That's not quite true of Ethiopia, but Ethiopians are Semites, colonists who came from Arabia in the second millennium before Christ.

John Banville in the New York Review of Books:

'…Hugh Trevor-Roper was one of the greatest prose stylists in the English language. He was also a man of prodigious learning, a classical scholar, and a remarkable historian. As a writer he took for models Francis Bacon, Donne, Hobbes, Sir Thomas Browne, Gibbon, and, perhaps surprisingly, Flaubert, and perhaps more surprisingly, George Moore. Stylistically, his nearest though laggardly competitor among his contemporaries would have been Evelyn Waugh, who loathed him personally—they both greatly admired Gibbon and sought to emulate his sonorous periods. Among historiographers, few could compete with him for elegance, insight, and liveliness. A.J.P. Taylor, his friendly rival, once remarked that when he read one of Trevor-Roper’s essays, tears of envy stood in his eyes....'

Neal Ascherson in the London Review of Books:

'...The historian John Habakkuk said ‘I find it difficult to decide whether T-R is a fundamentally nice person in the grip of a prose style in which it is impossible to be polite, or a fundamentally unpleasant person … using rudeness as a disguise for nastiness.’ Habakkuk’s first guess is very sharp.

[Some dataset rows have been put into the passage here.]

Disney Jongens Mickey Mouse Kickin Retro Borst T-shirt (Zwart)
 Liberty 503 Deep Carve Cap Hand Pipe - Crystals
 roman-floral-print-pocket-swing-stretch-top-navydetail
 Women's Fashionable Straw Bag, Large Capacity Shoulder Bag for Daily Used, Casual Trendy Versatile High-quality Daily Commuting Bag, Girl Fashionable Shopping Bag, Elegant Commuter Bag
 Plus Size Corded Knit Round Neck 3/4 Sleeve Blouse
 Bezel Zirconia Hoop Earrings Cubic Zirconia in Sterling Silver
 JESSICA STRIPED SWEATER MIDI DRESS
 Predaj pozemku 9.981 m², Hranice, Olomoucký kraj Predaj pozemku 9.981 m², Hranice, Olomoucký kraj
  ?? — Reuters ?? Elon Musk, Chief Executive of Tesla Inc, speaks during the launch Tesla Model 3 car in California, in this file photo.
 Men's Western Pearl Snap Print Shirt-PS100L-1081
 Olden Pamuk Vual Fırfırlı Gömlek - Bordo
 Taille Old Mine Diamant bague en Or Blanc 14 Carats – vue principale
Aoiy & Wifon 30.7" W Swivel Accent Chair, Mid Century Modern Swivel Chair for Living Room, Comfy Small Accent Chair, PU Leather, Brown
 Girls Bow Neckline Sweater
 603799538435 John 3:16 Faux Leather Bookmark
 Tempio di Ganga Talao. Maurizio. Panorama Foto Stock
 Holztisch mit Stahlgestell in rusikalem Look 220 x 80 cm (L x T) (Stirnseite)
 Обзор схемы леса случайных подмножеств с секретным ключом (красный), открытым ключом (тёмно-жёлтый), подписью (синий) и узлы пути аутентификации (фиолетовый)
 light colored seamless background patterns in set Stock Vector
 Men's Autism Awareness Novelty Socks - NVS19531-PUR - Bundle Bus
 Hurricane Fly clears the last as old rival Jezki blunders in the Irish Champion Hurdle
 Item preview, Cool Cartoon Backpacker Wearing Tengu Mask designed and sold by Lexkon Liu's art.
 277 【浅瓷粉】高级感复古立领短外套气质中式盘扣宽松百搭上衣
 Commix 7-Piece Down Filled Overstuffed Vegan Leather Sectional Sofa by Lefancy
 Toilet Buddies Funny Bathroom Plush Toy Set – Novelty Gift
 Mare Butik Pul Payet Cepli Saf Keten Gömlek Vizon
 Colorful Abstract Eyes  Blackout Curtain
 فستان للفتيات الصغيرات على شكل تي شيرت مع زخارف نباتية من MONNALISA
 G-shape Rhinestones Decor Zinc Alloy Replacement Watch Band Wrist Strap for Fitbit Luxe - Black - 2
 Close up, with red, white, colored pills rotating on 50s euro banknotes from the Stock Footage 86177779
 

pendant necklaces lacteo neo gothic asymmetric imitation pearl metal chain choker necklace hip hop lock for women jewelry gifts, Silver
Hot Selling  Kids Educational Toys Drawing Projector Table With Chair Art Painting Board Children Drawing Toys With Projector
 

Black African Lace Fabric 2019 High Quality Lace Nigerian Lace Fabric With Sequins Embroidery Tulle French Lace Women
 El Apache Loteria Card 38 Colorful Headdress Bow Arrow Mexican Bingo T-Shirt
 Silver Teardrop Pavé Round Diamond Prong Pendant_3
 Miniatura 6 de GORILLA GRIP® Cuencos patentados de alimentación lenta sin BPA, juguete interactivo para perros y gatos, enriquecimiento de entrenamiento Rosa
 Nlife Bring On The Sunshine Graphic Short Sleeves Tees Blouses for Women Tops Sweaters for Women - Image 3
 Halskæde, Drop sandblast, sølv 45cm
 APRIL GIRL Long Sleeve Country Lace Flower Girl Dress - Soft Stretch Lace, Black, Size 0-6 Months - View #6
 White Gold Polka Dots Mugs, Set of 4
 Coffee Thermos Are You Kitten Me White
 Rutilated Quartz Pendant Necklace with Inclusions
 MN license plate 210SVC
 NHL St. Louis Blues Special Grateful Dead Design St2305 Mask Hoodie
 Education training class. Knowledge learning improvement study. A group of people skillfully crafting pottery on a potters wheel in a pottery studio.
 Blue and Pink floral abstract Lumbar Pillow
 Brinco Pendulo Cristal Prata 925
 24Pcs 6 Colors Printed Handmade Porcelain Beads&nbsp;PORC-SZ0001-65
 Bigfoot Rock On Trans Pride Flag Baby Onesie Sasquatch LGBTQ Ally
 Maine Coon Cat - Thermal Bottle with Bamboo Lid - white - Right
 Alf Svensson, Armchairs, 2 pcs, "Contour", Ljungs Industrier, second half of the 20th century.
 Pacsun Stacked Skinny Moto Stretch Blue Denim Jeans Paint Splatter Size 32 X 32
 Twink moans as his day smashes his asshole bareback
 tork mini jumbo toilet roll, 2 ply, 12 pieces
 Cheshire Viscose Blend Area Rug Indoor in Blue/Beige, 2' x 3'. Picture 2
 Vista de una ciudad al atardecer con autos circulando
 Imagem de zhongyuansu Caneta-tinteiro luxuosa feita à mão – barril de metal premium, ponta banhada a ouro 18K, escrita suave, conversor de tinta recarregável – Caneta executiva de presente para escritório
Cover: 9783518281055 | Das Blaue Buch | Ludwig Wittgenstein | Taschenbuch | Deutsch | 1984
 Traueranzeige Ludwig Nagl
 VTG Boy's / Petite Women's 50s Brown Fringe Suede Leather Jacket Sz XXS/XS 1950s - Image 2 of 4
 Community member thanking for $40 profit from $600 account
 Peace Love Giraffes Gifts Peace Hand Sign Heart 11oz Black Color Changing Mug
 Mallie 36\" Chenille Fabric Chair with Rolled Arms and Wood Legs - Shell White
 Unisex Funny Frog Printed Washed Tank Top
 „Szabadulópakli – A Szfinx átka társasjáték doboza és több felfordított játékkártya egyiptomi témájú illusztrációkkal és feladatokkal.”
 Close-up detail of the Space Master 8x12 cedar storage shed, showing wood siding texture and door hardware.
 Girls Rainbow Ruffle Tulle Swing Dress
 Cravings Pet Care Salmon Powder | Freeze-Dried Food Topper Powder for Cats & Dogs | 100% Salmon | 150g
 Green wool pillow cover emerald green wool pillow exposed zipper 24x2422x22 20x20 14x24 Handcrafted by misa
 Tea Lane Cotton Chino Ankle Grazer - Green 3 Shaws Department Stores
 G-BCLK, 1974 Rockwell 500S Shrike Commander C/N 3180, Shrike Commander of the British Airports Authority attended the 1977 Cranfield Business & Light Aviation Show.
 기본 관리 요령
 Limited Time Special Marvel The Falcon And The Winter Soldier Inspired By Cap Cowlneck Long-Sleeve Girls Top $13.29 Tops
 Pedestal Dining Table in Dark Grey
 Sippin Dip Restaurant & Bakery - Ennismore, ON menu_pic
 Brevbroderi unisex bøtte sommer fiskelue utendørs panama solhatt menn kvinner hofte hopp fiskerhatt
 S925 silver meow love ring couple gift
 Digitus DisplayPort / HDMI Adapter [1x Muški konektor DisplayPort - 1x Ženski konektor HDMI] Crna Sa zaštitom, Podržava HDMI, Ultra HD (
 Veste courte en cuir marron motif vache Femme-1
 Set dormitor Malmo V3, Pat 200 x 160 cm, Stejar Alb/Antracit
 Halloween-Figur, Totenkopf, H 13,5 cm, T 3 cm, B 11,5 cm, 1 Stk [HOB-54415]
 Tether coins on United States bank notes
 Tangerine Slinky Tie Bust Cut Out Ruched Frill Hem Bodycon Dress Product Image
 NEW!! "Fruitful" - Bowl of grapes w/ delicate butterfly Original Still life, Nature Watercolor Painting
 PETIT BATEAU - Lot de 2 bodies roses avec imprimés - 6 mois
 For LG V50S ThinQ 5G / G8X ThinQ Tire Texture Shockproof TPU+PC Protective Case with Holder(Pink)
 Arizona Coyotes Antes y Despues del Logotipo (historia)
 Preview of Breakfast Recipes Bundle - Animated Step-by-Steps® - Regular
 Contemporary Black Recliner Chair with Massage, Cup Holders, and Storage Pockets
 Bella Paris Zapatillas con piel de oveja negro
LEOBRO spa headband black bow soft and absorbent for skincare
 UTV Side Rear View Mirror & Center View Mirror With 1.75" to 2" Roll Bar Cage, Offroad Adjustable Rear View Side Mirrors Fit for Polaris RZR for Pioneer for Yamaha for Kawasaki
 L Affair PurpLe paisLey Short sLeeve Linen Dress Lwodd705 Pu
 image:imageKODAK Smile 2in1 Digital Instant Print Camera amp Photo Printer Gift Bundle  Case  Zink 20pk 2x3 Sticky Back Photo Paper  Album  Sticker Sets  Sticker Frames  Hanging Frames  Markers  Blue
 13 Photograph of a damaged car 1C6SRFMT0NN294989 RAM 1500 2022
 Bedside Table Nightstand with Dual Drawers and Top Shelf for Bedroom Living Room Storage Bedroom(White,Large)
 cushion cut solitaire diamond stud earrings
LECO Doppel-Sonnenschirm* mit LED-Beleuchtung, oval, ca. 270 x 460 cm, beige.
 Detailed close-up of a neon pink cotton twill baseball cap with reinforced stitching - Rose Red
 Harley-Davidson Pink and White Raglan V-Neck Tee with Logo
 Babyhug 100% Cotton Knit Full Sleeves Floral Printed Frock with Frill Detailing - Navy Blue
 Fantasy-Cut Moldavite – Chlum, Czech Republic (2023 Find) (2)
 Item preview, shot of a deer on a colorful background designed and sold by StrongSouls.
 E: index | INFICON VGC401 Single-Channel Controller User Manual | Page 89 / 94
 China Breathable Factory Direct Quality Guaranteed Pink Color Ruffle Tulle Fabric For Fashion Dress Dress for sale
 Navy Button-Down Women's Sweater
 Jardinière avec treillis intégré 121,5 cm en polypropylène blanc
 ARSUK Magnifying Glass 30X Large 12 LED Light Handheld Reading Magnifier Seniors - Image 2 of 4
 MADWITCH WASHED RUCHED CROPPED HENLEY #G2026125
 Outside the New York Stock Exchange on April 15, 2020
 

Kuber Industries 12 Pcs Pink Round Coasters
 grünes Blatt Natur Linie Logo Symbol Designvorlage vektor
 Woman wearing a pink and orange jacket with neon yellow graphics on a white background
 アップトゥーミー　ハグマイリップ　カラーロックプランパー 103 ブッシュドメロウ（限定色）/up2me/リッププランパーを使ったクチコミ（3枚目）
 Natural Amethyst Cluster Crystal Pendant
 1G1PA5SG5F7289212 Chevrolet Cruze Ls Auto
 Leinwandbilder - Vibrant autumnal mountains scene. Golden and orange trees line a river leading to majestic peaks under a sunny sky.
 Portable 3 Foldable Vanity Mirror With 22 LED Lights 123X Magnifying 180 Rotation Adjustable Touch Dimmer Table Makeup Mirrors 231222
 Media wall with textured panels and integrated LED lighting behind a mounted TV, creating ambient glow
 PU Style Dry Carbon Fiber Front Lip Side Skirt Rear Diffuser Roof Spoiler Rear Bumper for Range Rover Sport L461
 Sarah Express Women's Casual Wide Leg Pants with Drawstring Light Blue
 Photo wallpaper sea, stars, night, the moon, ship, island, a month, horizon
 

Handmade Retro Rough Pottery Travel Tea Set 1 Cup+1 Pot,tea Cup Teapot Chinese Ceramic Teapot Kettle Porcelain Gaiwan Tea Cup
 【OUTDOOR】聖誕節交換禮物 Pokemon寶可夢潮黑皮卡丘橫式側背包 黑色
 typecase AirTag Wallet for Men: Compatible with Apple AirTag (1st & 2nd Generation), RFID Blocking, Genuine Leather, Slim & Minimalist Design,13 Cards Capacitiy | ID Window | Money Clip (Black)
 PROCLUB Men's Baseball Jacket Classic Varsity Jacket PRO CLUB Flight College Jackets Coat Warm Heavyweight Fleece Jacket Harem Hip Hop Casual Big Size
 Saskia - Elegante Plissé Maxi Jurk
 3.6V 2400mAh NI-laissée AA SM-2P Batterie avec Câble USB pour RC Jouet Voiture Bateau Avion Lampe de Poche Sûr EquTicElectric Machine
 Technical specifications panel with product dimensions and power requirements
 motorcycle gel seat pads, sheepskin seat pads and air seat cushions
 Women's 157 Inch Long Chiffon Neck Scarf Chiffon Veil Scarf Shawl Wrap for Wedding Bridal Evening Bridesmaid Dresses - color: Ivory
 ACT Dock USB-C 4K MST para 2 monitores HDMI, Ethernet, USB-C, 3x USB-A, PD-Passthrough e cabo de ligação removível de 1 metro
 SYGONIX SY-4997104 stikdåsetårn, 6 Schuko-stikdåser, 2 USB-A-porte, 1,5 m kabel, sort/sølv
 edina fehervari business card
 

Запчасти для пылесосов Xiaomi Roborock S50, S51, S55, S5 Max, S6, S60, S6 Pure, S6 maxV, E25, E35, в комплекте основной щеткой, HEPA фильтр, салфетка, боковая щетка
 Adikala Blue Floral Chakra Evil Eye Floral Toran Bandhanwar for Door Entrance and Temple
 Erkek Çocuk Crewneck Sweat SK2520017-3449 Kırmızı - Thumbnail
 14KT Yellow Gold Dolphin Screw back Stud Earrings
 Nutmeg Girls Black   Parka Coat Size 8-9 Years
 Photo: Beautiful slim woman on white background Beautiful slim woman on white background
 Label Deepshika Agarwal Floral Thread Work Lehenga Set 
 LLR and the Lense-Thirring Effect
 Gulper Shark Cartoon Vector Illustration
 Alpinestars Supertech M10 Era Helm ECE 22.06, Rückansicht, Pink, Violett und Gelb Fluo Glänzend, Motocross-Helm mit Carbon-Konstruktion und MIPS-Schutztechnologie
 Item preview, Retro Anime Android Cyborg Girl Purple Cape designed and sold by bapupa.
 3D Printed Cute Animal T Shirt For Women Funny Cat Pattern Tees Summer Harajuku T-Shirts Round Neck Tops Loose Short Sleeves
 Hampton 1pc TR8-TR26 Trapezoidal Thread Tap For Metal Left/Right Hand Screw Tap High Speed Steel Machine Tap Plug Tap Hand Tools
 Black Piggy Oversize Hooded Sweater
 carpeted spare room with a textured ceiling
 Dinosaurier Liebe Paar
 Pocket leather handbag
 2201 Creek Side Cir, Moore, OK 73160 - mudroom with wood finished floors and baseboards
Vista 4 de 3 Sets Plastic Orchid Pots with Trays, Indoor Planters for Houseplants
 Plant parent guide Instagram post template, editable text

'...Trevor-Roper’s own politics remained Whiggish, unpredictable. Students, noting his snobbish style and grand contacts, supposed him a Tory. But in the strict sense, he never was. Over Suez in 1956, he called Anthony Eden a ‘vain, ineffectual Man of Blood’, and reviled ‘the world of lower-middle-class conservatives who have no intelligence but a deep belief in violence as a sign of self-importance’. He attended the first Congress for Cultural Freedom in Berlin, but was repelled by its fanatical anti-Communist rhetoric, which reminded him of Nazi rallies. He was never a Cold Warrior and, although he seems to have kept MI5 informed of colleagues he suspected of Communist sympathies, retained a deep respect for the Party member Eric Hobsbawm as a historian and helped him to get a US visa.'

When made a life peer by Margaret Thatcher in 1979 he took the title Lord Dacre of Glanton. Someone said Lord Trevor-Roper would have sounded like an enobled trade unionist.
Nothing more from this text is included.